Animated GIF: Hareketli GIF, tek bir GIF dosyası içinde birden çok ve belli bir sırada konmuş GIF'lerden (sahne) oluşur. İnternet Tarayıcılarında bu dosyalar "hareketli" bir şekilde görüntülenir. Dosya içinde bulunan sahneler, sonsuz bir döngü içinde, hızı ayarlanarak hareketlendirilebilir. Hareketli GIF'ler, Web ortamlarının vazgeçilmez yardımcı elemanlarıdır. Sayfalara dinamiklik ve görsellik katarlar. JPG: Çok renkli (256 renkten fazla) bir görüntü saklanmak istendiğinde GIF formatını kullanmak mümkün değildir. BMP olarak saklanabilir. Fakat diskte kapladığı alan çok fazla olacağından tercih edilmez. Bu sorunu aşmak için JPEG (Joint Photographics Experts Group) daha iyi bir alternatif olabilir. Standart JPG formatında, resmin kalitesinden bir miktar ödün vererek sıkıştırma uygulanır. Böylece dosya boyutu oldukça azalır. Özellikle 24 bit (gerçek renk) uygulamalarda resim kalitesinin düştüğünü anlamak mümkün değildir. Bu tip uygulamalarda JPG tercih edilir. JPEG dosya formatının sıkıştırma oranı kullanıcı tarafından belirlenebilmekte (0-100 arası bir değer) ve bu şekilde en uygun kalite/dosya boyutu oranı seçilebilmektedir. PICT: PICT formatı Macintosh grafik ve yazım programları tarafından sıkça kullanılır. PICT aynı renkten oluşan büyük alanları etkili bir şekilde sıkıştırmaktadır. PICT formatının dezavantajı dosyaların yapısından dolayı çabuk bozulabilmesidir. Ayrıca renk ayrımında bazı yazılımlarda sorun çıkardıkları bilinmektedir.

TIFF: Tagged-Image File Format (TIFF) formatı farklı işletim sistemleri ve uygulamalar arasında kayıpsız ve esnek bir dosya değişimini sağlaması nedeniyle tüm çalışmalar için uygun bir format olarak bilinmektedir. TIFF'in kullandığı birçok sıkıştırma vardır. Bunlar arasında en çok kullanılan kayıpsız LZW sıkıştırma yöntemidir. Kayıt sırasında fotoğrafın kullanılacağı işletim sistemi olarak PC veya Mac seçilebilmektedir. Katmanlı yapıyı desteklememektedir. PNG: "Taşınabilir Ağ Grafiği" anlamındaki (Portable Network Graphics) 'in kısaltmasıdır. Kayıpsız sıkıştırma yapmaktadır. PNG dosyaları saydamlık bilgisi içerir ve katmanlı yapıdadır.
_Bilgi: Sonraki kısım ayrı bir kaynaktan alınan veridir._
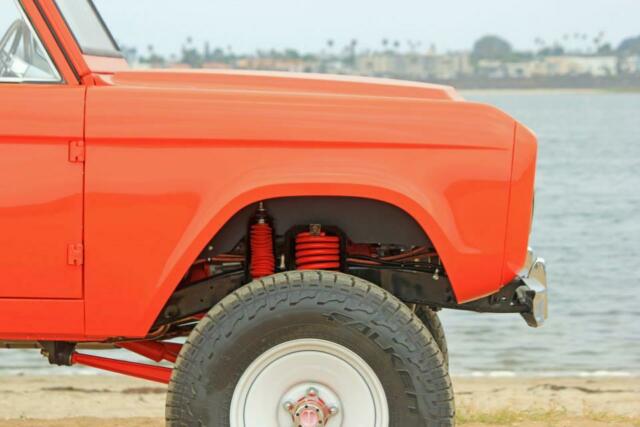 Ford Bronco 1973 image number 10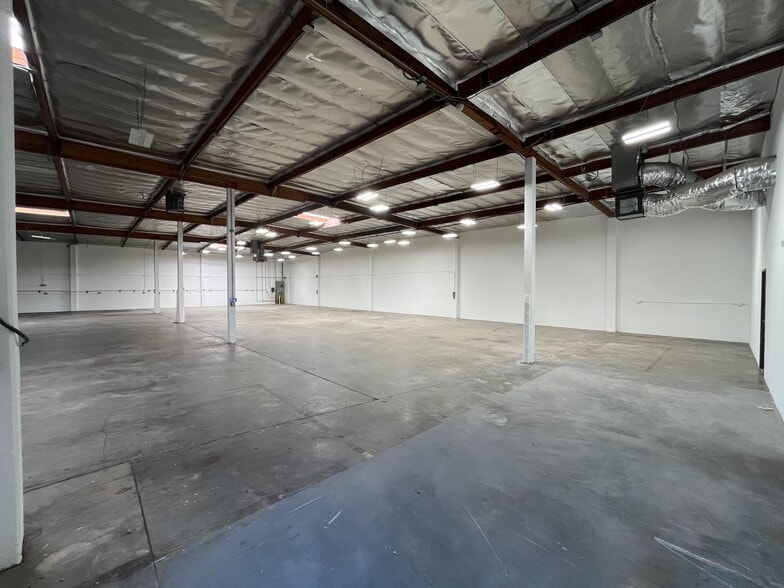 More Photos Of 7946 Alabama Ave, Canoga Park Service For Lease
EPS: “Encapsulated PostScript” kısaltması olan EPS, Adobe firmasının geliştirdiği, vektör ve noktacık tabanlı çalışabilen, grafik, illüstrasyon ve sayfa düzeni amaçlı, grafik, resim, formatıdır. EPS PostScript, uygulaması en karmaşık sayfa düzenlerini (yazı, grafik, resim içeren) tasarlamayı kolaylaştırmıştır.

PSD: “Photoshop Document” kısaltması olan PSD, Photoshop uygulamasına özel bir formattır. Formatı farklı işletim sistemleri ve uygulamalar arasında dosya paylaşımında kolaylık sağlamaz. PSD çok sayıda saydamlık kanalın ve katmanlı yapıyı desteklemektedir. Görüntü üzerinde çalışmak için oldukça uygun olan PSD formatı matbaa veya internet paylaşımı için uygun değildir. RAW: RAW değişik bilgisayarlar ve işletim sistemleri arasında bilgi iletimine izin veren esnek bir formattır. Kanal sayısı, her kanaldaki piksel derinliği dosya uzantısı ve başlık bilgileri tanımlanabilir.